[Data shown]
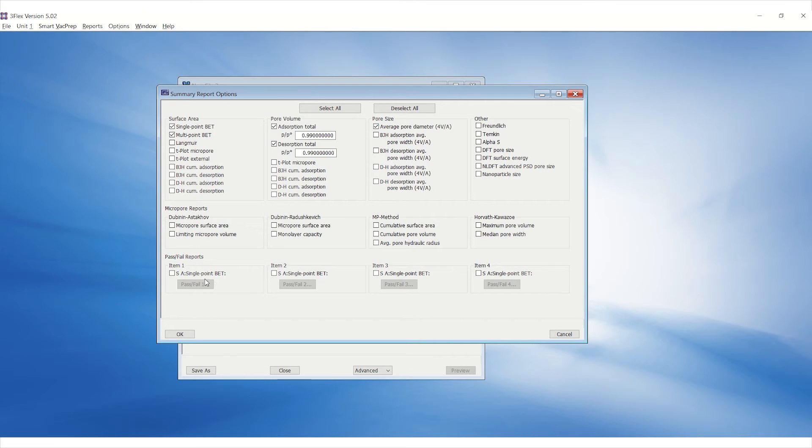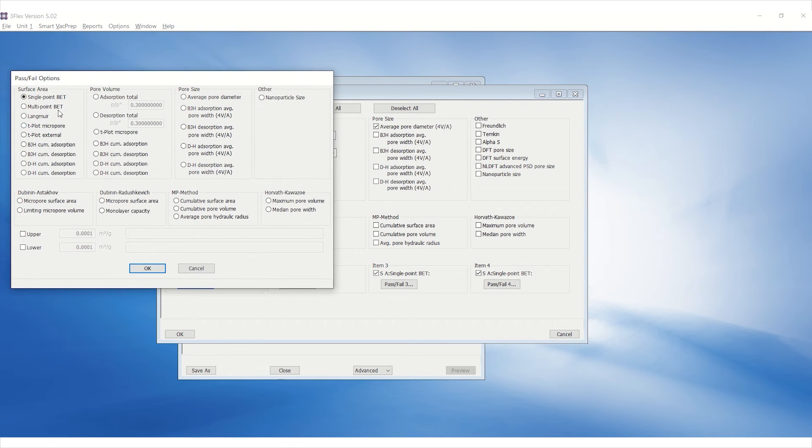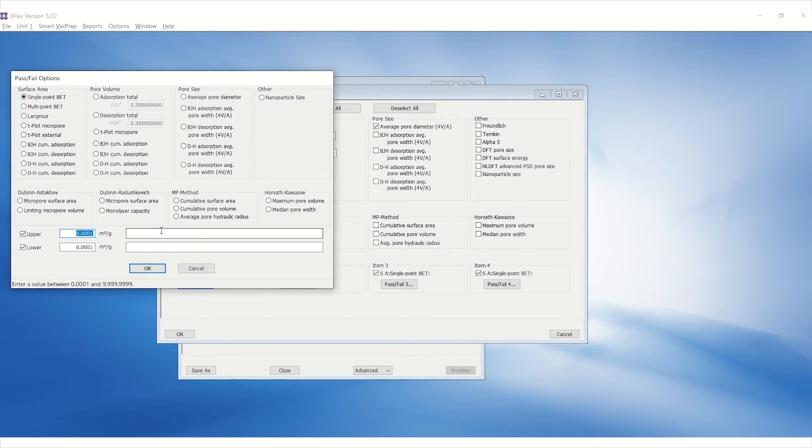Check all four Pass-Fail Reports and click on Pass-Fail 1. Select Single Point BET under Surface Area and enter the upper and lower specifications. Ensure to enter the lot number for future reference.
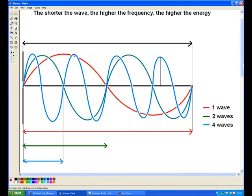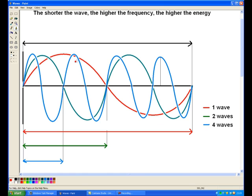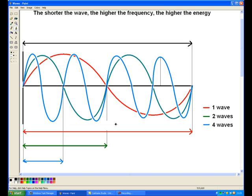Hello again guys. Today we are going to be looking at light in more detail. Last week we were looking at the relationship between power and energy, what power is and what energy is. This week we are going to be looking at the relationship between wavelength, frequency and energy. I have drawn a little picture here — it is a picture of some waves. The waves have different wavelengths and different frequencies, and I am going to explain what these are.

---

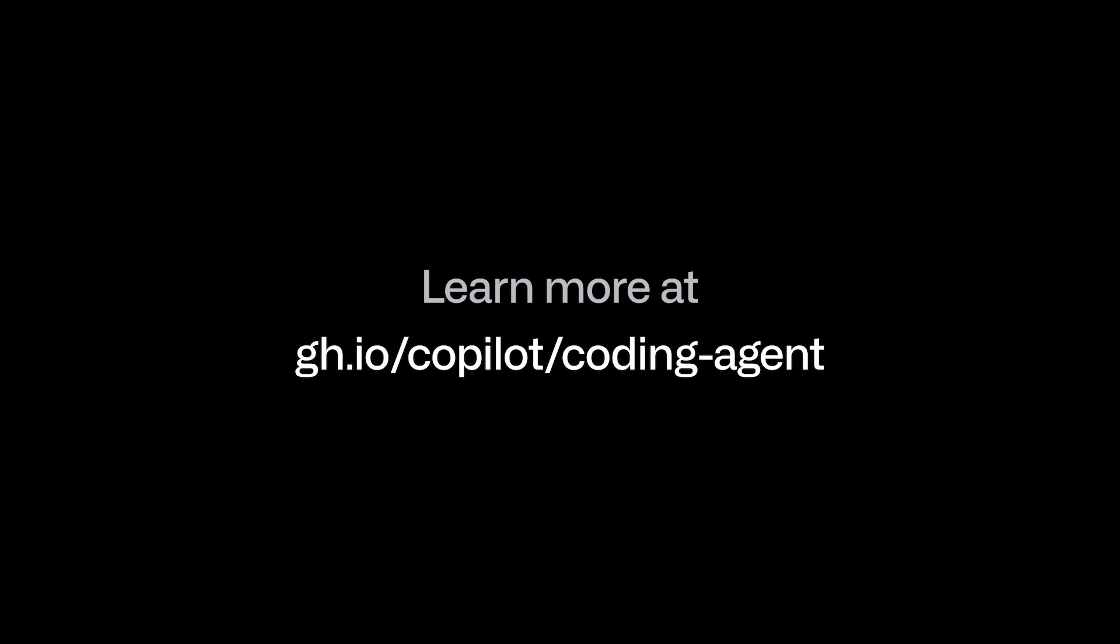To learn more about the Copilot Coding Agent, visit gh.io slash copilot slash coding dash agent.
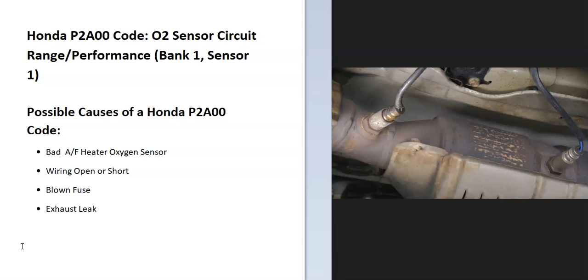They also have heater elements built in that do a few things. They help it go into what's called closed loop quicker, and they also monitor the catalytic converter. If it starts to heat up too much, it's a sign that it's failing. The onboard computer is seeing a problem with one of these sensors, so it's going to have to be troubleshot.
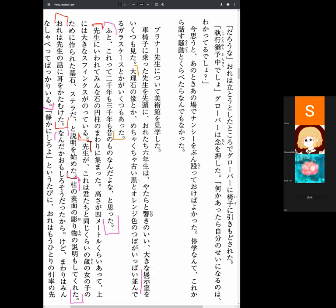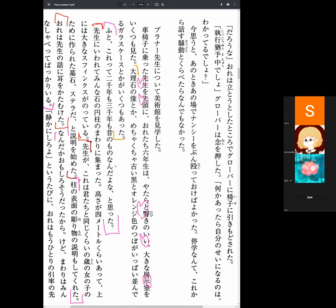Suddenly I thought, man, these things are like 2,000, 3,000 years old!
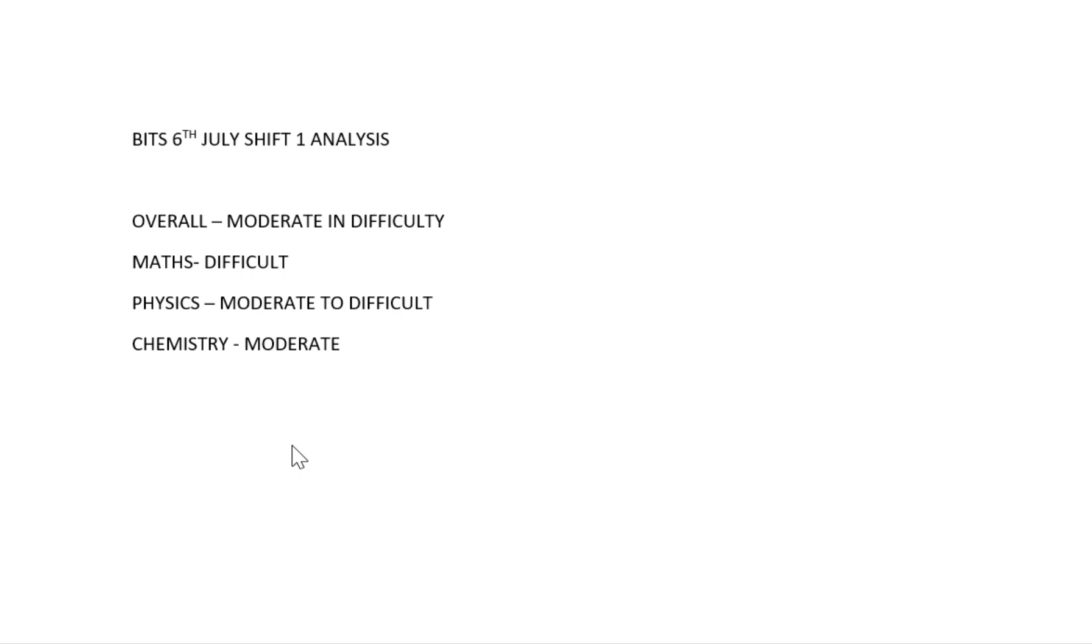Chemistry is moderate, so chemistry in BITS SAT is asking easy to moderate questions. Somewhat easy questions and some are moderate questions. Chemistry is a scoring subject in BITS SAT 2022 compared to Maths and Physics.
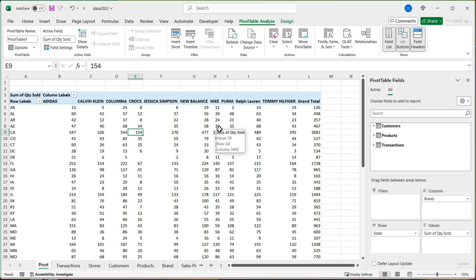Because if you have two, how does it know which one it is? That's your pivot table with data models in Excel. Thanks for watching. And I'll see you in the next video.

[Exercise requirements]
For this exercise, set down the lines in the entries above from the one with "Check all four" through the one with "Hello again guys." exactly as written, without any pictures.

[Answer for the task]
Check all four Pass-Fail Reports and click on Pass-Fail 1. Select Single Point BET under Surface Area and enter the upper and lower specifications. Ensure to enter the lot number for future reference.
Hello again guys. Today we are going to be looking at light in more detail. Last week we were looking at the relationship between power and energy, what power is and what energy is. This week we are going to be looking at the relationship between wavelength, frequency and energy. I have drawn a little picture here — it is a picture of some waves. The waves have different wavelengths and different frequencies, and I am going to explain what these are.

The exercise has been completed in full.